D’abord bachata lente sous le soleil encore haut, progressivement la mélopée s’embrase sur la souche avec le carmin du couchant, flamboie avec la canopée et convoque Petruciani dans une improvisation vive, alerte, si légère et si obsédante, faisant danser l’écorce et chavirer les âmes dans une samba endiablée de carnaval brésilien. Bord d’eaux devient Rio.
Retour dans le parc où la lumière du soleil rasant joue désormais partie haute contre basse.
Les feuilles lentement se déshabillent de leurs couleurs et dévoilent leur silhouette, laissant au seul regard de l’astre leur nudité diurne. Dans ce contre-jour, elles deviennent chanteuses de jazz, princesses de la nuit noire dans leurs robes fourreau peintes pour l’éternité par les photos monochromes.
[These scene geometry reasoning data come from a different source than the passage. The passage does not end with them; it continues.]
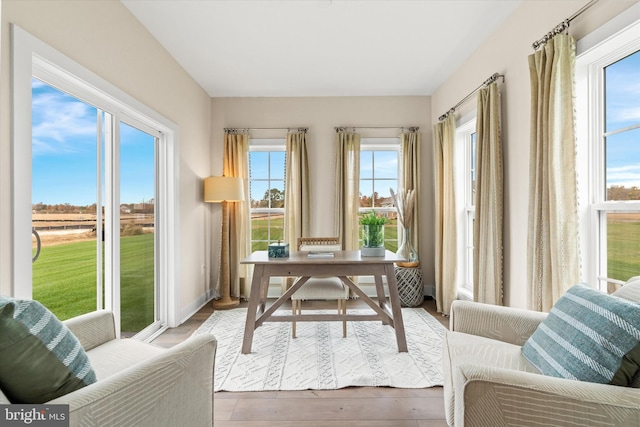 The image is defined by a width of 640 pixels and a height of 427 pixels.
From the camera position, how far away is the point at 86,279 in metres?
2.23

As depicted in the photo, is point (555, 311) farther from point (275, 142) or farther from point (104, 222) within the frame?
point (275, 142)

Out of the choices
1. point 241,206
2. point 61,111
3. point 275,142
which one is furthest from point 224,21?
point 241,206

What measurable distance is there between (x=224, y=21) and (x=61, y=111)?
1.39 metres

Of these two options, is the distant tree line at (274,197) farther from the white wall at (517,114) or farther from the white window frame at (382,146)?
the white wall at (517,114)

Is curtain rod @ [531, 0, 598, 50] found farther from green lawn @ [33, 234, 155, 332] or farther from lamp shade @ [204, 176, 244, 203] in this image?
green lawn @ [33, 234, 155, 332]

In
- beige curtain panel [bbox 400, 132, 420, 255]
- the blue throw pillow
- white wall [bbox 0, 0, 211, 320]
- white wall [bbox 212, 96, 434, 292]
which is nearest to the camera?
the blue throw pillow

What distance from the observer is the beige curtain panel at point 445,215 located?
3.55 meters

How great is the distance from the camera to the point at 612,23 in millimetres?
1636

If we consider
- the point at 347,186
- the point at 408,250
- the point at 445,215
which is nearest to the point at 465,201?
the point at 445,215

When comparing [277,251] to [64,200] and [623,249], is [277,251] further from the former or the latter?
[623,249]

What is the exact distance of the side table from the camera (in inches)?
151

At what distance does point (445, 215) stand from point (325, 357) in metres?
2.15

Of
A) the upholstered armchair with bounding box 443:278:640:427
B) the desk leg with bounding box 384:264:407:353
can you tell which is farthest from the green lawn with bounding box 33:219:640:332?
the desk leg with bounding box 384:264:407:353

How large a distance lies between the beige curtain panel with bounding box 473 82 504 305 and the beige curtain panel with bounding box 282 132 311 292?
2106mm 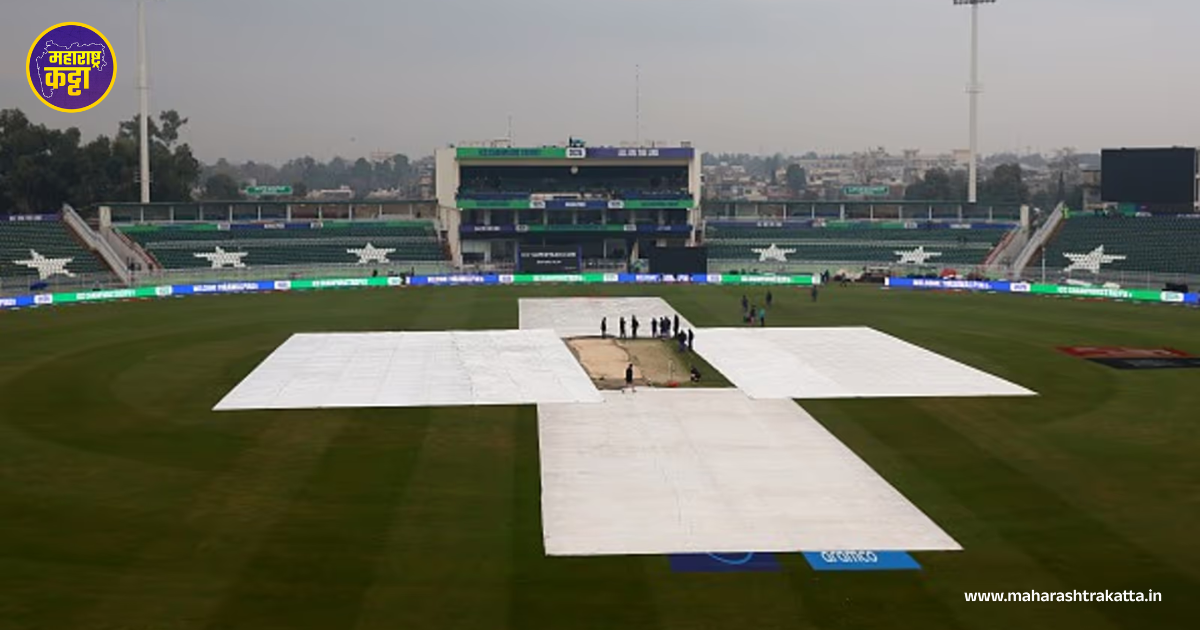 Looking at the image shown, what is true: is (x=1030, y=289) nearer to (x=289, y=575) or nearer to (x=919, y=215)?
(x=919, y=215)

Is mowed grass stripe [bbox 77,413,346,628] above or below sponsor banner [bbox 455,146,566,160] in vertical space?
below

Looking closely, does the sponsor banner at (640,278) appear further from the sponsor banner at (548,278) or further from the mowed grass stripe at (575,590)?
the mowed grass stripe at (575,590)

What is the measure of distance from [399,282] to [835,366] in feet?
180

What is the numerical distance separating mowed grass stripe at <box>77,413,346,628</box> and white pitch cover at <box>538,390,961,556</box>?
22.6 ft

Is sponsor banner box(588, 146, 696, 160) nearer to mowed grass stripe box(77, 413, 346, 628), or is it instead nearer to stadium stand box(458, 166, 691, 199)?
stadium stand box(458, 166, 691, 199)

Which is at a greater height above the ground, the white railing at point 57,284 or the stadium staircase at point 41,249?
the stadium staircase at point 41,249

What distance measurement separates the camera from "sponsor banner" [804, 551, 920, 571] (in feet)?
79.3

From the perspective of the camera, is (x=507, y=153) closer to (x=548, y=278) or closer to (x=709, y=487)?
(x=548, y=278)

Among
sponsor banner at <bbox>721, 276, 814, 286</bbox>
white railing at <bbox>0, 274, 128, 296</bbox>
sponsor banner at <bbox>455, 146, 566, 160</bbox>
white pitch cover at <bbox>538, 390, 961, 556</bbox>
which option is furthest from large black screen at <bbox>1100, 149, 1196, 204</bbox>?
white railing at <bbox>0, 274, 128, 296</bbox>

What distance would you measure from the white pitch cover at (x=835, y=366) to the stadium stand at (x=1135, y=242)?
43.3 meters

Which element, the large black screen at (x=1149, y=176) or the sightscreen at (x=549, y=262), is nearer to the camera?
the sightscreen at (x=549, y=262)

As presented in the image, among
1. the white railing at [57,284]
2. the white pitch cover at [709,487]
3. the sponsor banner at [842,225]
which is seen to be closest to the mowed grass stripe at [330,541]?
the white pitch cover at [709,487]

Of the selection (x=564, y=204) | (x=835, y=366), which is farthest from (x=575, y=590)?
(x=564, y=204)

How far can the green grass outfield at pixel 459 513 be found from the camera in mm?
21844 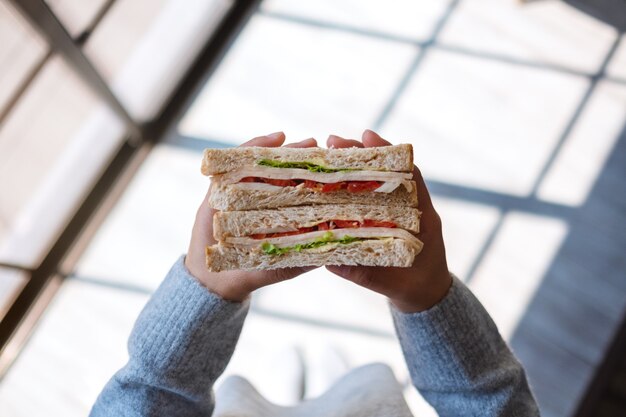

Ici, la feuille du chêne sylvestre, reine des bois, me fait penser à Sarah Vaughan, plus loin celle du saule, fine et sensible, c’est You Sun Nah et là, je m’arrête net, subjugué, emporté par les flots de sa voix chaude : c’est Ella et je suis sous le charme, bien-sûr.
Puis la nuit nous enveloppe, il est temps de plier les instruments et quitter la salle de spectacle, seul le pont joue encore sa note bleue.